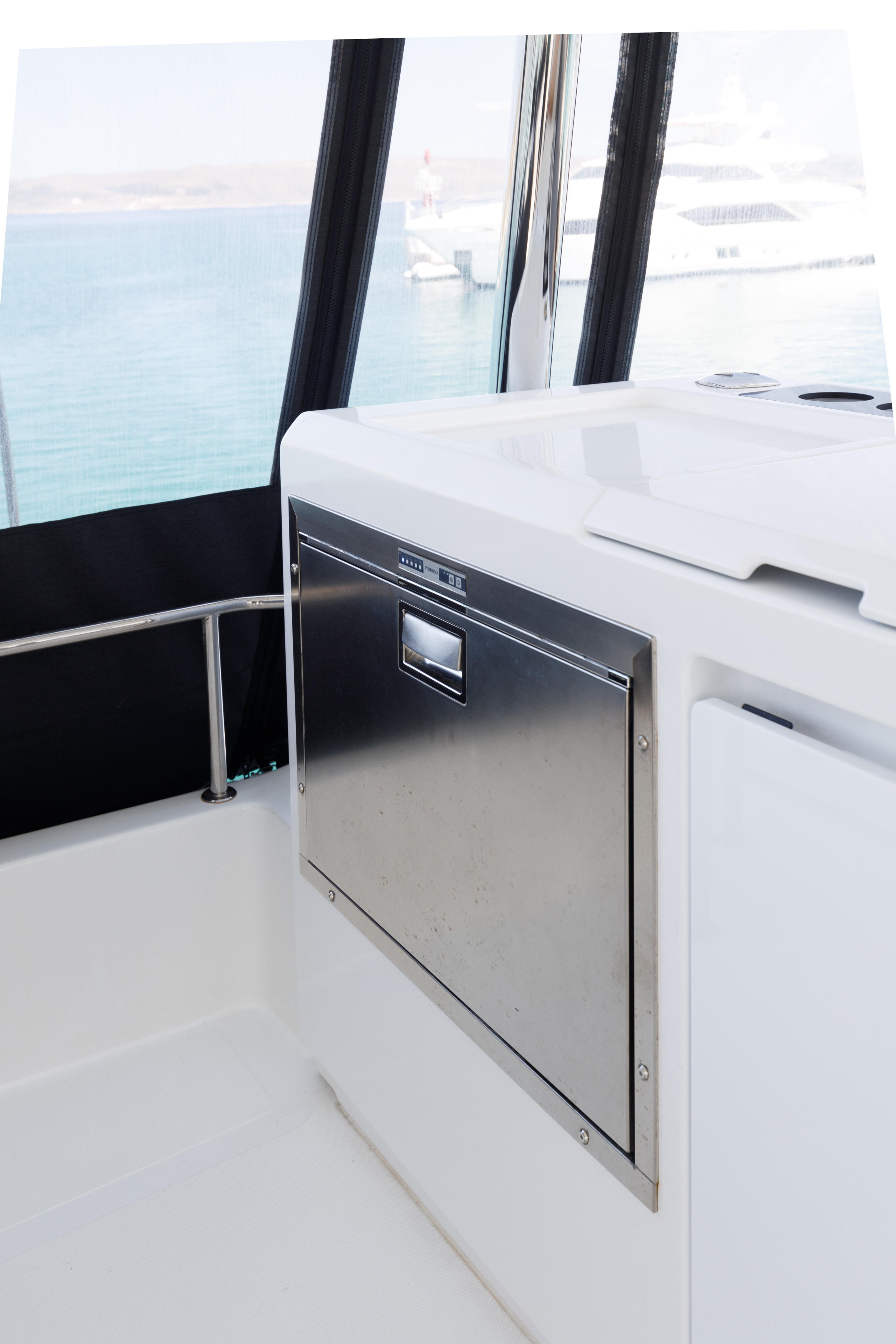 Lagoon 55 — photo 9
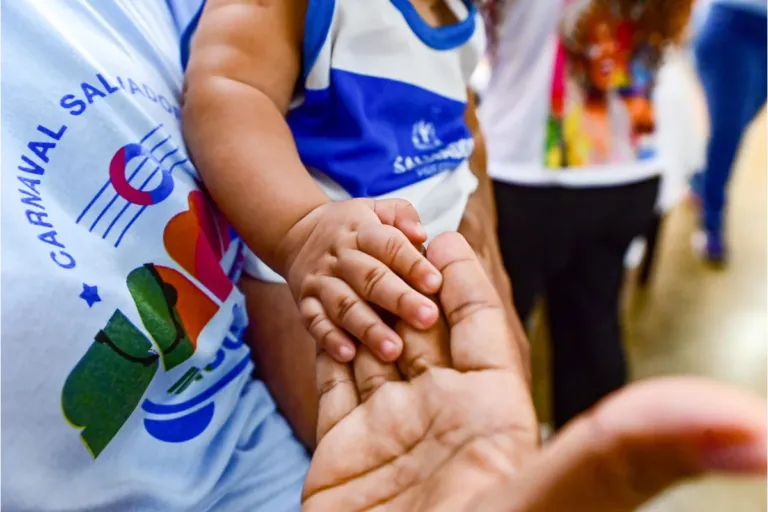 Mais de 2,2 mil procedimentos odontológicos reforçam cuidado para filhos de ambulantes no Salvador Acolhe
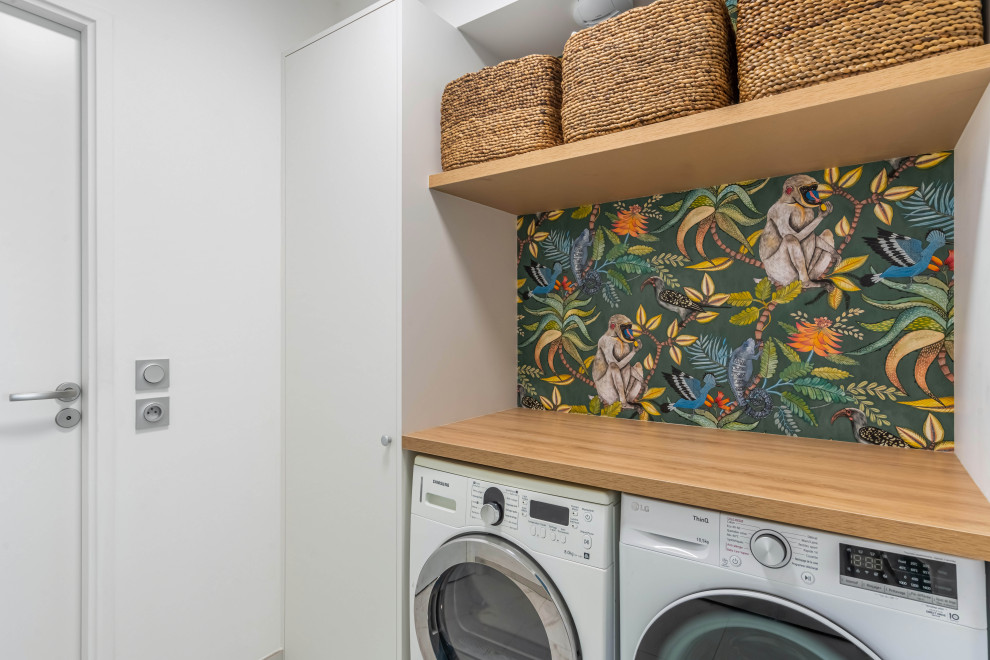 Design ideas for an eclectic laundry room in Paris.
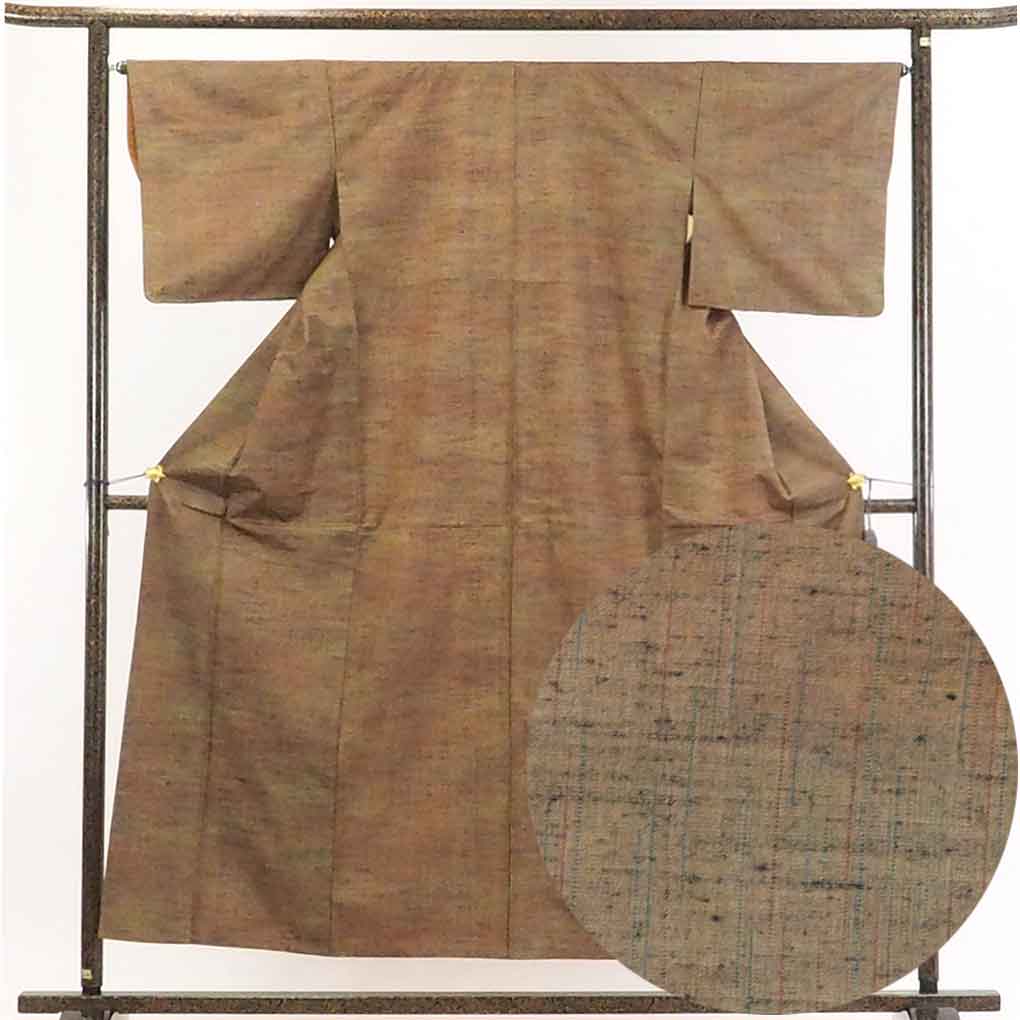 【在庫処分】リサイクル着物 紬正絹茶色地先染ぼかし袷真綿紬着物 レディース 秋冬春用 シルク100％ ブラウン 裄Mサイズ身丈155cm 裄65cm 前幅24cm 後幅30cm 袖丈45cm【ランクA】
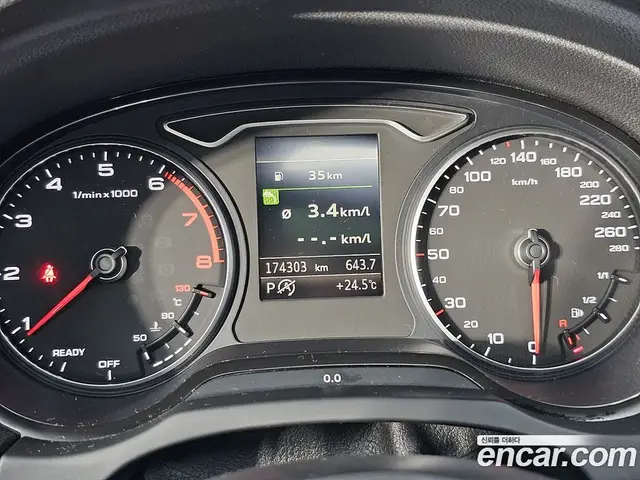 Audi A3 2018 2.0 автомат (гидро), миниатюра 7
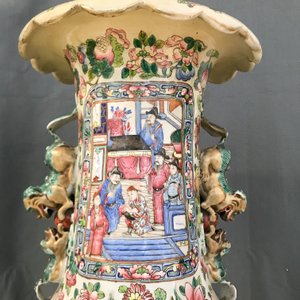 Une paire de grands vases en porcelaine de Chine famille rose, 19ème — photo 47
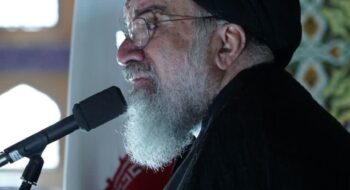 مراسم بزرگداشت «امام شهید امت و آقای شهید ایران» با  سخنرانی آیت‌الله احمد خاتمی، امام جمعه موقت تهران و عضو فقهای شورای نگهبان، و با حضور نماینده ولی‌فقیه در استان لرستان و امام جمعه خرم‌آباد در مصلی الغدیر برگزار شد.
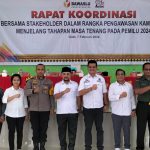Foto: Ketua Bawaslu Kabupaten Nias, Adirman Mendrofa (tengah) saat foto bersama dengan para petinggi instansi yang berkepentingan pada Pemilu 2024.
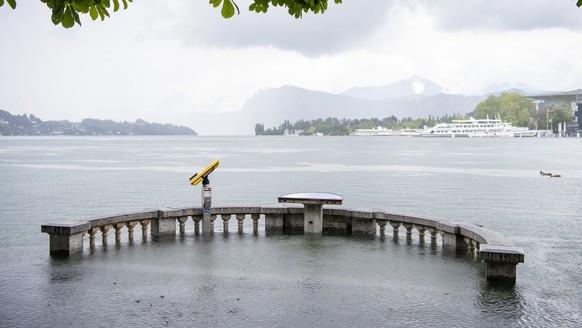 Die ersten Wasseruebertritte am Schweizerhofquai in Luzern sind erfolgt, am Freitag, 16. Juli 2021, in Luzern. Der Wasserspiegel des Vierwaldstaettersees ist bedrohlich hoch angestiegen und es muss in ...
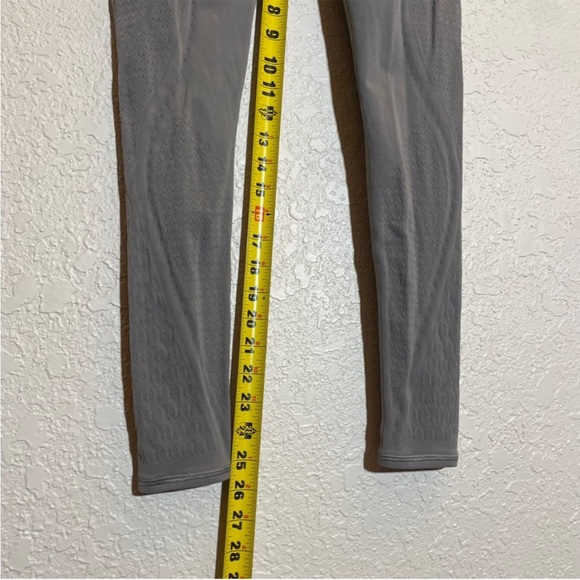 Bundle Lululemon athletic set sports bra and leggings - Picture 12 of 12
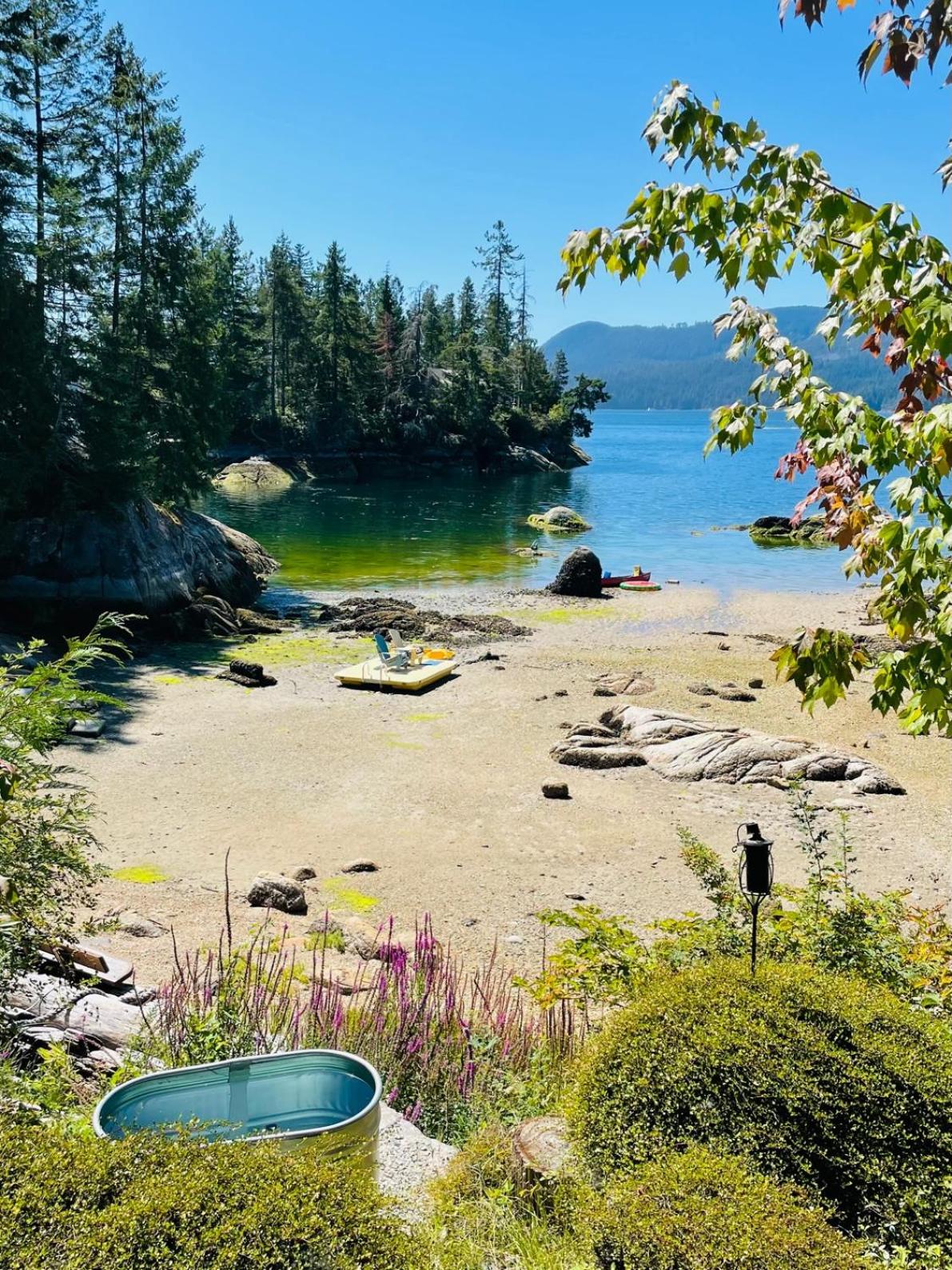The Tuwanek Bed and Breakfast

------------------------------------------------------------

## The problem
No pictures belong in the output. Restate word for word only the lines from the one containing "Foto: Ketua Bawaslu" to the end of the entries above.

## Expected output
Foto: Ketua Bawaslu Kabupaten Nias, Adirman Mendrofa (tengah) saat foto bersama dengan para petinggi instansi yang berkepentingan pada Pemilu 2024.
 Die ersten Wasseruebertritte am Schweizerhofquai in Luzern sind erfolgt, am Freitag, 16. Juli 2021, in Luzern. Der Wasserspiegel des Vierwaldstaettersees ist bedrohlich hoch angestiegen und es muss in ...
 Bundle Lululemon athletic set sports bra and leggings - Picture 12 of 12
The Tuwanek Bed and Breakfast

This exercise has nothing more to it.